Model AI terbaru ini diklaim mampu menghadirkan performa tinggi yang setara dengan model AI kelas atas, namun dengan biaya operasional serta waktu proses yang jauh lebih efisien.

Efisiensi tersebut berkaitan langsung dengan konsumsi token, yang merupakan unit dasar data berupa potongan kata, angka, simbol, atau karakter yang diproses oleh AI generatif saat memahami pertanyaan dan menghasilkan jawaban.

Pihak Google menjelaskan bahwa semakin panjang percakapan, dokumen, atau tugas yang diproses, maka semakin besar pula jumlah token yang digunakan, sehingga biaya operasional layanan AI komersial ikut meningkat.

"Gemini 3.5 Flash hadir di tengah banyaknya CIO (Chief Information Officer) perusahaan mulai menghabiskan anggaran token AI tahunan mereka, padahal sekarang baru Mei (awal tahun)," ujar CEO Google Sundar Pichai.

Menurut kalkulasi internal, perusahaan yang memproses sekitar satu triliun token AI per hari di Google Cloud dapat menghemat biaya lebih dari 1 miliar dollar AS atau sekitar 17,7 triliun rupiah per tahun jika memindahkan beban kerjanya ke model baru ini.

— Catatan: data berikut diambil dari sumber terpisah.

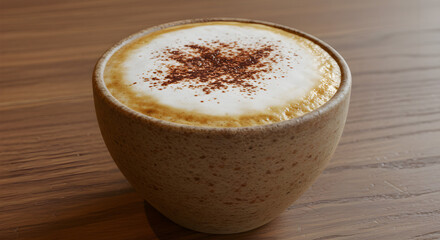 A vibrant depiction of a frothy cappuccino in a rustic cup dusted with cocoa powder, set on a vintage wooden table.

"Gemini 3.5 Flash lebih baik dibanding 3.1 Pro, dengan performa mendekati model AI frontier lain, tetapi empat kali lebih cepat dan biayanya hanya sekitar sepertiga hingga setengahnya," kata Pichai.

Secara umum, model AI dengan kemampuan multimodal ini dirancang untuk kebutuhan "agentic AI" yang mampu bekerja mandiri menjalankan tugas bertahap, mulai dari coding, penggunaan tools, hingga pengambilan keputusan otomatis.

Lewat informasi di laman resmi Google DeepMind, model ini cocok untuk analisis dokumen panjang seperti PDF, penalaran tingkat lanjut, pemahaman teks, gambar, video, hingga audio untuk produktivitas sehari-hari.

Dalam pengujian benchmark internal, Gemini 3.5 Flash memperoleh skor 76,2 persen di Terminal-bench 2.1 untuk coding agentic, mengungguli Gemini 3 Flash, Gemini 3.1 Pro, dan Claude Opus 4.7.

Pengujian pada benchmark MCP Atlas untuk workflow multitahap mencatat skor 83,6 persen yang lebih tinggi dari GPT 5.5 milik OpenAI dengan skor 75,3 persen.

Model ini juga meraih skor 84,2 persen pada benchmark CharXiv Reasoning untuk analisis grafik kompleks, serta skor 57,9 persen pada benchmark Finance Agent v2 untuk analisis finansial.

Saat ini, Gemini 3.5 Flash masih berstatus preview dengan dukungan konteks input hingga 1 juta token dan output maksimal mencapai 64.000 token.

Model AI ini sudah tersedia di aplikasi Gemini, Gemini API, Google AI Studio, Google Antigravity, Android Studio, hingga platform Gemini Enterprise, di mana Google juga memperkenalkan Gemini Omni dan Gemini Spark dalam ajang yang sama.